Adventskalender im Foyer: Das 1. Fensterchen

Heute im Foyer: „An American Christmas“
Lieblingslieder aus Nord- und Südamerika
mit Julie Wyma, Valeria Delmé und Jamison Livsey
17.00 Uhr / Rang-Foyer rechts
Dauer: ca. 25 Minuten / Eintritt frei


Vom frostigen Norden Alaskas bis zum südlichsten Zipfel Chiles, von Buenos Aires bis New York City – die Adventszeit wird auf dem gesamten amerikanischen Doppelkontinent gefeiert. Doch gibt es gewaltige Unterschiede, wie das Weihnachtsfest wo begangen wird. Diese Vielfalt spiegelt sich auch in der Musik wieder, welche den Feierlichkeiten vorangehen und diese begleiten. Während der argentinische Komponist Ariel Ramírez in seiner Kantate „Navidad Nuestra“ (deutsch: „Unsere Weihnacht“) die schwungvollen Rhythmen südamerikanischer Tänze aufgreift, gelingt es Songs wie „White Christmas“ oder „I’ll Be Home for Christmas“ auf einzigartige Weise das Besinnliche ins Populäre zu übertragen. Begleiten Sie die Sopranistinnen Julie Wyma und Valeria Delmé sowie den Pianisten Jamison Livsey auf eine Reise durch die musikalischen Gefilde jenseits des Atlantiks.

Julie Wyma stammt aus den USA und studierte an den Universitäten in Indiana, Missouri und Arizona. Zahlreiche Auftritte auf der Opern- und Konzertbühne führten sie durch die USA und Europa. Seit der Spielzeit 2021/22 ist sie als 1. Sopran Mitglied des Chores der Deutschen Oper Berlin, wo sie mit ihren Kolleg*innen nicht nur in den großen Choropern singt, sondern darüber hinaus auch als La Conversa in SUOR ANGELICA eine solistische Partie übernimmt.
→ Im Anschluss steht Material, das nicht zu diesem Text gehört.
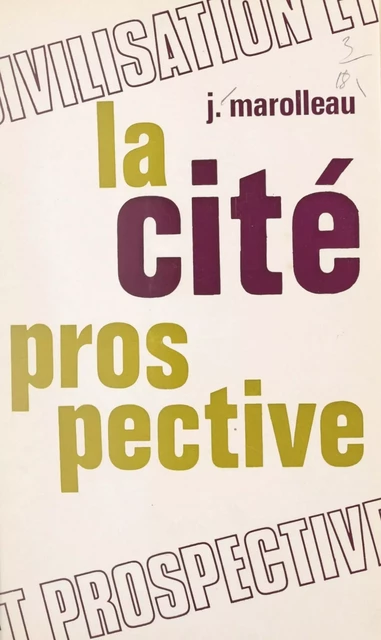 La cité prospective - Jean Marolleau - FeniXX réédition numérique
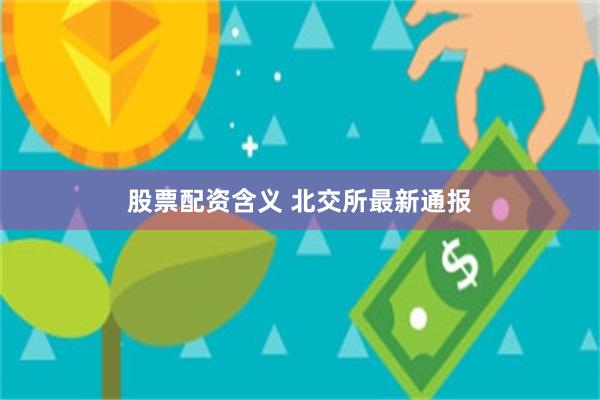 股票配资含义 北交所最新通报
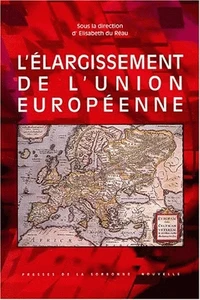 L'Elargissement De L'Union Europeenne. Quels Enjeux ? Quels Defis ?
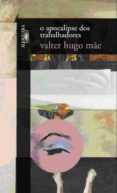 o apocalipse dos trabalhadores-valter hugo (ed.) mae-9789896720810 o apocalipse dos trabalhadores-valter hugo (ed.) mae-9789896720810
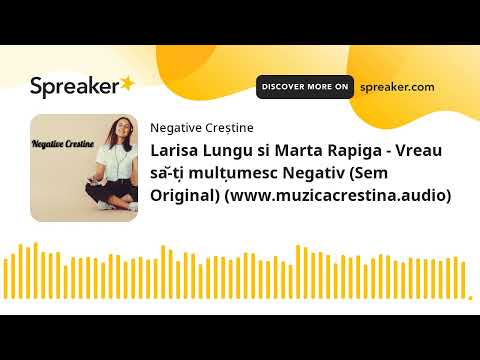 Larisa Lungu si Marta Rapiga - Vreau să-ți mulțumesc Negativ (www.muzicacrestina.audio)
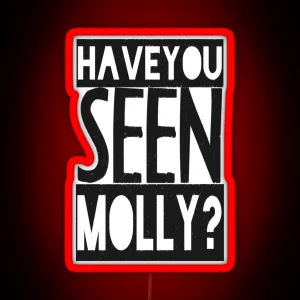 Have You Seen Molly RGB Neon Sign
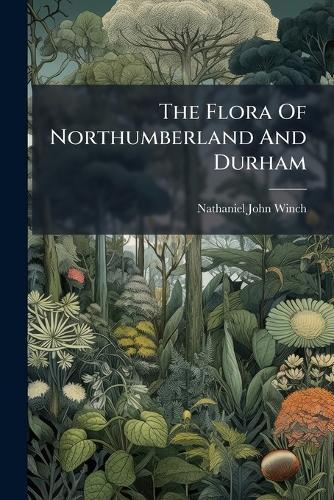 The Flora Of Northumberland And Durham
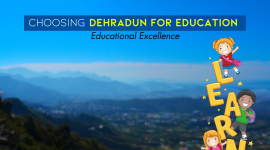 Choosing Dehradun for Education : Educational Excellence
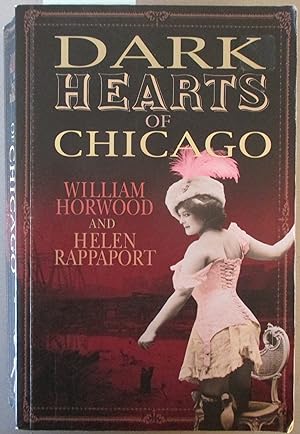 Bild des Verkufers fr Dark Hearts of Chicago zum Verkauf von Reading Habit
Neben ihrer Tätigkeit als Sängerin ist Julie Wyma auch als Gesangslehrerin, Kostümbildnerin und Regisseurin aktiv.

Valeria Delmé wurde in Buenos Aires geboren und sammelte bereits früh erste musikalische Erfahrungen u. a. als Solistin im Kinderchor des Teatro Colón. Es folgten weitere Opernauftritte auf verschiedenen Bühnen in Argentinien sowie eine Ausbildung am Conservatorio Superior de Música „Manuel de Falla“, ehe sie im Jahr 2017 begann, regelmäßig in Deutschland zu konzertieren. Inzwischen singt Valeria Delmé als 2. Sopran im Chor der Deutschen Oper Berlin.

Der Pianist und Dirigent Jamison Livsey studierte an der University of Michigan in Ann Arbor, Michigan. 2016 dirigierte er eine Premiere von TURN OF THE SCREW in Tel Aviv. Er hat als Korrepetitor mit Dirigierverpflichtung an vielen Opernhäusern gearbeitet, u. a. an der Minnesota Opera, der Chautauqua Opera, der Sarasota Opera, der Opera Cleveland, der Anchorage Opera, der Opera in Williamsburg, der Toledo Opera, beim Sugar Creek Symphony and Song, im Rahmen des Pine Mountain Music Festival sowie bei der Opera North. Bei diesen Opernensembles gastierte er auch als Cembalist und Orchesterpianist mit einem Repertoire von Monteverdi über Rossini bis zur Gegenwart. Er ist auch als Liedbegleiter tätig, u. a. für Vivica Genaux. An der Deutschen Oper Berlin wirkt er als Korrepetitor im Chor.